Promotion to Associate Professor

I am thrilled that yesterday the Regents of the University of Michigan promoted me to Associate Professor with tenure, effective September 1. It feels like yesterday that I arrived in my faculty office for the first time, and yet it also feels long ago. I appreciate so much the support of my colleagues and mentors. I also would not be here without my outstanding, curious, enthusiastic, and hard-working graduate students — they are incredible. Here is the letter that my dean sent to the provost to recommend me for promotion. I am looking forward to the next phase!

Congratulations Dejiao and David!

SPADA lab is so proud of Dr. Dejiao Zhang and Dr. David Hong. They both successfully defended their PhD dissertations this spring. Dejiao is going to Amazon Web Services next, and David is going to a postdoc at the University of Pennsylvania. We expect you both to go off and do great things! Congratulations!

NSF CAREER Award

I am honored to have received the NSF CAREER award for a proposal on optimization methods and theory for the joint formulation of dimension reduction and clustering. You can read about the award here in the UM press release and also here on the NSF website. Dimension reduction and clustering are arguably the two most critical problems in unsupervised machine learning; they are used universally for data exploration and understanding. Often dimension reduction is used before clustering (or vice versa) to lend tractability to the modeling algorithm. It’s more typical in real data to see clusters each with their own low-dimensional structure, and so a joint formulation is of great interest. I look forward to working toward this end in the next stage of my career.

Army Young Investigator

I am very excited that my project “Mathematics for Learning Nonlinear Generalizations of Subspace Models in High Dimensions” has won the Army Young Investigator award! Subspace models are widely used due to simplicity and ease of analysis. However, while these linear models are very powerful in many high-dimensional data contexts, they also often miss out on important nonlinearities in real data. This project aims to extend recent advances in signal processing to the single-index model and the nonlinear variety model. Read the department’s announcement here.

Postdoc Opportunity at the University of Michigan

to begin in spring 2019.

 

Please email Laura Balzano <girasole@umich.edu> with the subject “Joining the Balzano lab — postdoc 2019” if you are interested.

We are seeking a postdoc who is interested in applying machine learning techniques to real-time dynamic data analysis. While machine learning has advanced significantly over the last decade, its application to dynamic time-varying data is still in its infancy. This project will focus on three ML areas: online learning, stochastic gradient methods, and streaming PCA. We will work on theory to understand how the standard approaches behave when the data are time-varying, develop appropriate models for time-varying data, and develop novel approaches along with convergence theory. Our main applications focus will be power systems engineering and computer vision.

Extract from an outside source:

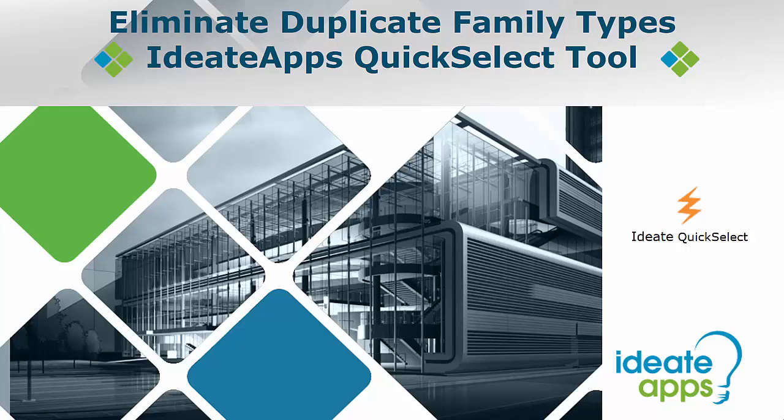Welcome to this presentation on eliminating duplicate family types using the iDate apps quick select tool. My name is Vasudha Dixit of iDate Software.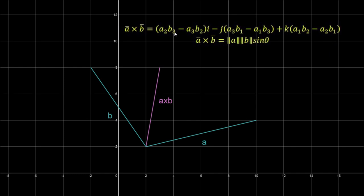Another way of writing A × B is |A||B|sin(θ), where θ is the angle between the two vectors. As the two vectors rotate away from one another, the magnitude of the cross product increases. When both vectors point in opposite directions the magnitude is maximum, and when they overlap the cross product is zero.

In power systems, we will develop methodologies to infer the real-time behavior of aggregations of distributed energy resources from hierarchical, heterogeneous, and incomplete measurements of power system quantities. In computer vision, we will develop real-time algorithms for object tracking and activity recognition in video.

Optimally Weighted PCA for High-dimensional Heteroscedastic Data

Today I had the opportunity to speak about very recent results by my student David Hong (joint work also with Jeff Fessler) in analyzing asymptotic recovery guarantees for weighted PCA for high-dimensional heteroscedastic data. In the paper we recently posted online, we have asymptotic analysis (as both the number of samples and dimension of the problem grow to infinity, but converge to a fixed constant) of the recovery for weighted PCA components, amplitudes, and scores. Those recovery expressions allow us to find weights that give optimal recovery, and the weights turn out to be a very simple expression involving only the noise variance and the PCA amplitudes. To learn more, watch my talk here, and let us know if you have any questions!

AFOSR Young Investigator

I have great news that my AFOSR Young Investigator proposal was accepted for funding. My proposal was focused on time-varying low-rank factorization models, and various ways of solving a variety of related non-convex problem formulations.  Read more about it here.   I look forward to the contributions we will be able to make with the support of AFOSR.

 

Ensemble K-Subspaces

Yesterday I gave a talk on Subspace Clustering using Ensemble methods at the Simons Institute. See the video here!

This is work with John Lipor, David Hong, and Yan Shuo Tan. Our related paper has been just updated on the arxiv. Our key observation was that, while K-Subspaces (KSS) works poorly overall and depends heavily on initialization, it still seems to give partially good clustering information. We therefore use it as a “weak clusterer” and combine ensembles of KSS (EKSS) by averaging the co-association/affinity matrices. This works extremely well, both in simulation and on real data, and also in theory. We were able to show that EKSS gives correct clustering in a variety of common cases: e.g. for subspaces with bounded affinity, and with noisy data and missing data. Our theory generalizes theory of the Thresholded Subspace Clustering algorithm to show that any algorithm that produces an affinity matrix that is an approximation to a monotonic function of absolute inner products will give correct clustering. This general theory should be broadly applicable to many geometric approaches to subspace clsutering.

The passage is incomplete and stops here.